Structured Data Markup Was Inevitable, But Is It An Admission Of Failure?
The movement toward structured data markup (i.e., increasing use of standards like Open Graph, Schema.org, RDFa, etc.) has bothered me for awhile, but I could not exactly put my finger on the issues. A few weeks ago at SMX East, there were some great presentations on these topics, and I finally realized that I have […]
The movement toward structured data markup (i.e., increasing use of standards like Open Graph, Schema.org, RDFa, etc.) has bothered me for awhile, but I could not exactly put my finger on the issues.
A few weeks ago at SMX East, there were some great presentations on these topics, and I finally realized that I have many major reservations about the proliferation and use of these standards, on many levels (mostly from a publisher perspective; for end-users they are generally a very positive development).
What Are These Standards?
They sound complicated, but in layman’s terms, I would say: think of them as being similar to additional meta-tags on a page, similar to a meta-description or meta-keywords, but often in XML format, which convey certain structured information about various objects.
Like meta-tags, these are intended to be machine-readable, but not necessarily presentable to humans in a browser. Much of the rich information showing up in search engine results (such as reviews, prices, etc.) are being enabled by publishers (i.e., website owners) exposing their data using these standards.

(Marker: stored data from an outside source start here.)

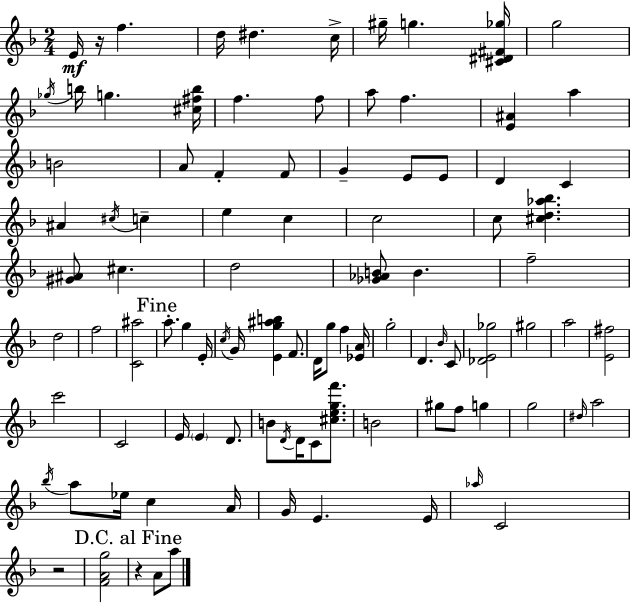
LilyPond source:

{
  \clef treble
  \numericTimeSignature
  \time 2/4
  \key f \major
  e'16\mf r16 f''4. | d''16 dis''4. c''16-> | gis''16-- g''4. <cis' dis' fis' ges''>16 | g''2 | \break \acciaccatura { ges''16 } b''16 g''4. | <cis'' fis'' b''>16 f''4. f''8 | a''8 f''4. | <e' ais'>4 a''4 | \break b'2 | a'8 f'4-. f'8 | g'4-- e'8 e'8 | d'4 c'4 | \break ais'4 \acciaccatura { cis''16 } c''4-- | e''4 c''4 | c''2 | c''8 <cis'' d'' aes'' bes''>4. | \break <gis' ais'>8 cis''4. | d''2 | <ges' aes' b'>8 b'4. | f''2-- | \break d''2 | f''2 | <c' ais''>2 | \mark "Fine" a''8.-. g''4 | \break e'16-. \acciaccatura { c''16 } g'16 <e' g'' ais'' b''>4 | f'8. d'16 g''8 f''4 | <ees' a'>16 g''2-. | d'4. | \break \grace { bes'16 } c'8 <des' e' ges''>2 | gis''2 | a''2 | <e' fis''>2 | \break c'''2 | c'2 | e'16 \parenthesize e'4 | d'8. b'8 \acciaccatura { d'16 } d'16 | \break c'8 <cis'' e'' g'' f'''>8. b'2 | gis''8 f''8 | g''4 g''2 | \grace { dis''16 } a''2 | \break \acciaccatura { bes''16 } a''8 | ees''16 c''4 a'16 g'16 | e'4. e'16 \grace { aes''16 } | c'2 | \break r2 | <f' a' g''>2 | \mark "D.C. al Fine" r4 a'8 a''8 | \bar "|."
}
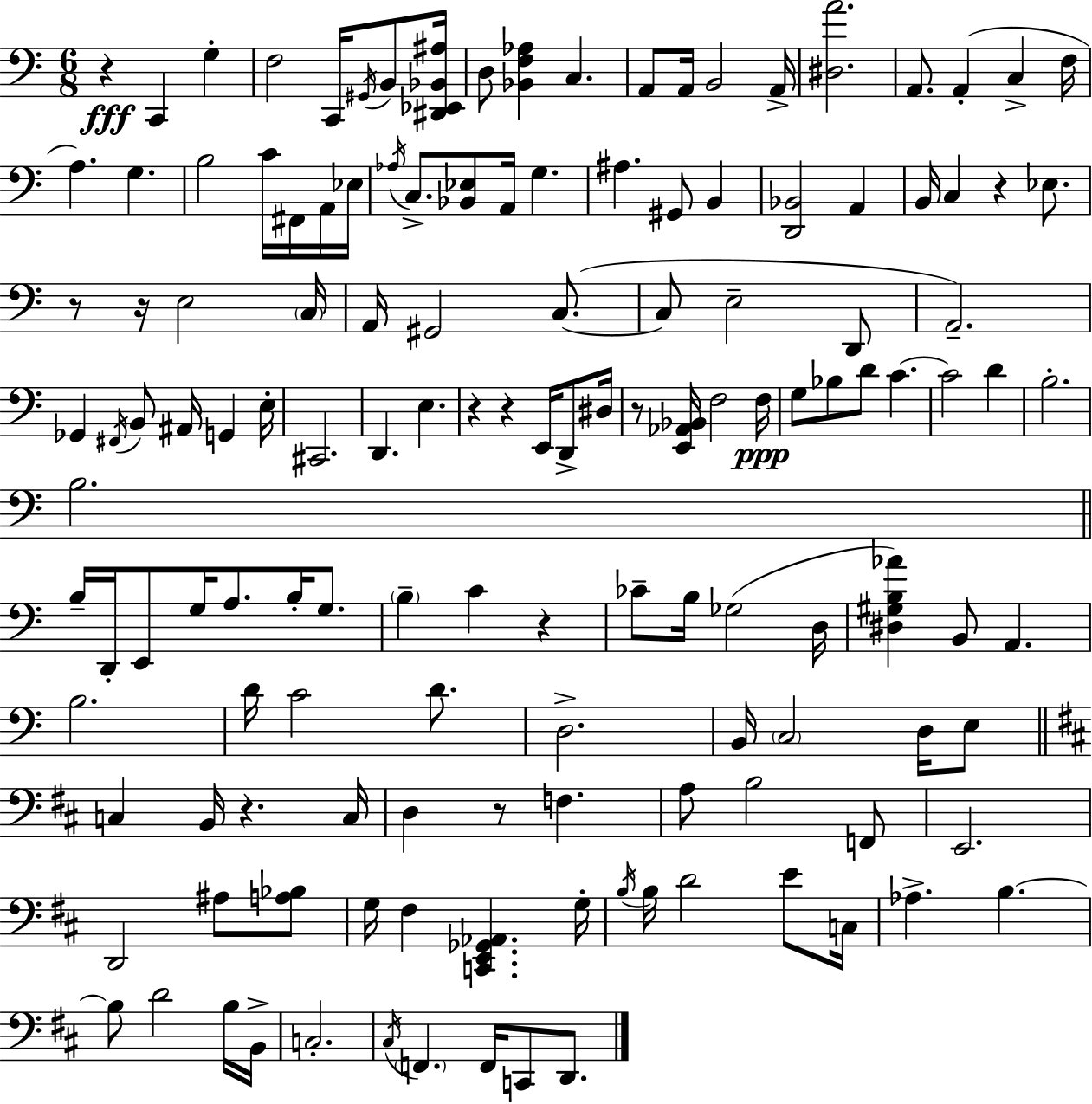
R/q C2/q G3/q F3/h C2/s G#2/s B2/e [D#2,Eb2,Bb2,A#3]/s D3/e [Bb2,F3,Ab3]/q C3/q. A2/e A2/s B2/h A2/s [D#3,A4]/h. A2/e. A2/q C3/q F3/s A3/q. G3/q. B3/h C4/s F#2/s A2/s Eb3/s Ab3/s C3/e. [Bb2,Eb3]/e A2/s G3/q. A#3/q. G#2/e B2/q [D2,Bb2]/h A2/q B2/s C3/q R/q Eb3/e. R/e R/s E3/h C3/s A2/s G#2/h C3/e. C3/e E3/h D2/e A2/h. Gb2/q F#2/s B2/e A#2/s G2/q E3/s C#2/h. D2/q. E3/q. R/q R/q E2/s D2/e D#3/s R/e [E2,Ab2,Bb2]/s F3/h F3/s G3/e Bb3/e D4/e C4/q. C4/h D4/q B3/h. B3/h. B3/s D2/s E2/e G3/s A3/e. B3/s G3/e. B3/q C4/q R/q CES4/e B3/s Gb3/h D3/s [D#3,G#3,B3,Ab4]/q B2/e A2/q. B3/h. D4/s C4/h D4/e. D3/h. B2/s C3/h D3/s E3/e C3/q B2/s R/q. C3/s D3/q R/e F3/q. A3/e B3/h F2/e E2/h. D2/h A#3/e [A3,Bb3]/e G3/s F#3/q [C2,E2,Gb2,Ab2]/q. G3/s B3/s B3/s D4/h E4/e C3/s Ab3/q. B3/q. B3/e D4/h B3/s B2/s C3/h. C#3/s F2/q. F2/s C2/e D2/e.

Figure 1 shows some structured data that Google displays in its search results already. Search for [schema.org], [microformats], or [open graph], if you’d like to learn more.
Why These Are Bad For Publishers From A Search Standpoint
By showing rich information in the search results, Google and others can get users to navigate to the information they need more quickly. Another way of thinking about this is, they are essentially denying publishers the navigational clicks that users would have given them, had they navigated to the site and then had to poke around.

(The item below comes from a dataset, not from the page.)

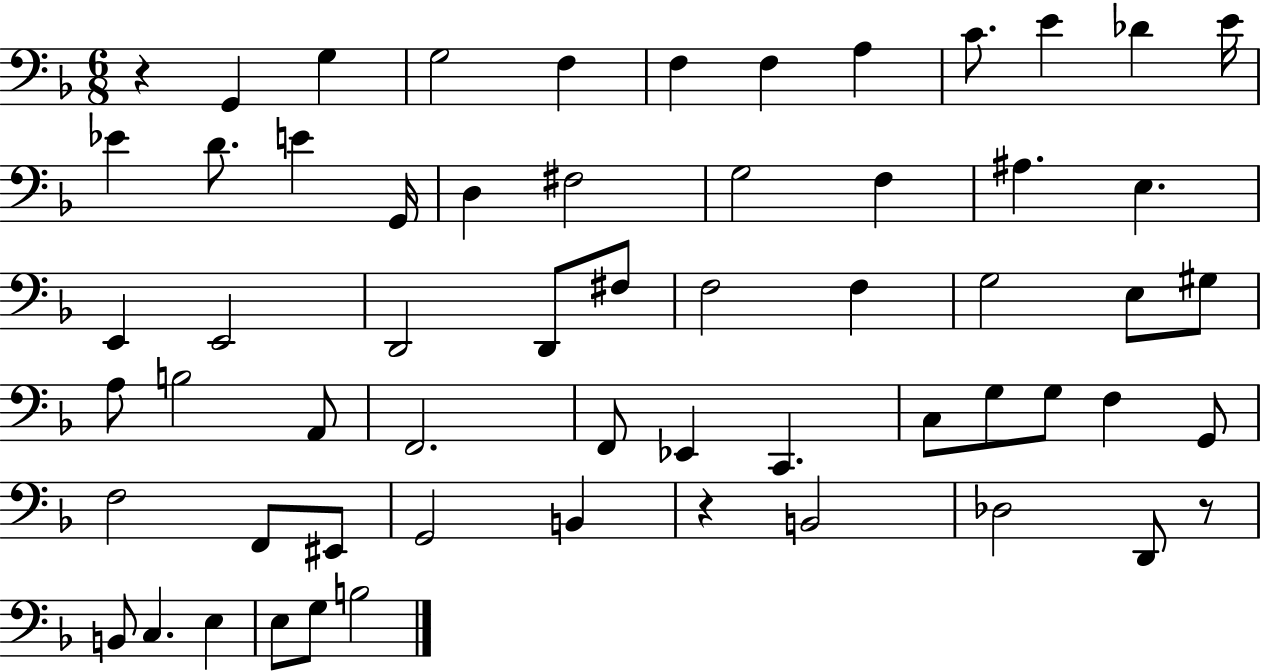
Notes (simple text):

R/q G2/q G3/q G3/h F3/q F3/q F3/q A3/q C4/e. E4/q Db4/q E4/s Eb4/q D4/e. E4/q G2/s D3/q F#3/h G3/h F3/q A#3/q. E3/q. E2/q E2/h D2/h D2/e F#3/e F3/h F3/q G3/h E3/e G#3/e A3/e B3/h A2/e F2/h. F2/e Eb2/q C2/q. C3/e G3/e G3/e F3/q G2/e F3/h F2/e EIS2/e G2/h B2/q R/q B2/h Db3/h D2/e R/e B2/e C3/q. E3/q E3/e G3/e B3/h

For example, showing a Movie showtime in a SERP denies the publisher the opportunity to try to get the viewer to purchase a ticket for pickup at the box office; the user may see the showtime and then move on to their next task, simply buying the ticket at the theater.
But Aren’t Publishers Who Implement Microformats Getting More Traffic?
Yes, this seems to be the consensus, although it’s not clear why. It could be that the search engines are intentionally favoring pages that expose information in this way (which seems likely), or it could also be that (as someone in the audience at one of the SMX East talks brought up), the use of these schemas may simply make the publisher do a better job of organizing and exposing their information.
For instance, if you’re using schema markup that exposes name, address, and phone number, you’re unlikely to forget including your phone number (it acts as a sort of checklist) and it will likely make you also expose the phone number in your HTML for users to see.
Either way, publishers who use structured data markup are reporting higher organic traffic; but think about it for a minute; clearly, this must be at the expense of others who are not using them and are experiencing lower traffic as a result.
What worries me is: what happens when everyone (or at least the top 10 search results) are all using structured data markup? At that point, an argument for higher traffic will not hold water — it’s no advantage if everyone is doing it.
Microformats Make It Possible For Anyone To Steal Your Content
Microformats make your information that much more easily scraped and parsed by sites that you don’t want taking your information, not just by search engines – scrapers, even competitors who want to monitor your pricing, and so on.
Why is it OK for a search engine to show my pricing information in a SERP, but it’s not OK for my competitor to show it on their website?
Microformats, by freely allowing search engines to show information provided in them, seem to be on a legal slippery slope – how are you supposed to delineate between accepted uses and non-accepted uses, when there is no mechanism for doing so?
Where Does It Stop?
Anyone who’s familiar with schemas from the IT world, such as SNMP, DMI, USB, etc., can attest to their usefulness, but these are schemas created for very specific purposes.
The problem with using schemas to describe information about objects on the Internet is: the entire world is essentially exposed on the Internet. The Internet has information about recipes, tress, celebrities, maybe even eventually, the freckle on your left finger.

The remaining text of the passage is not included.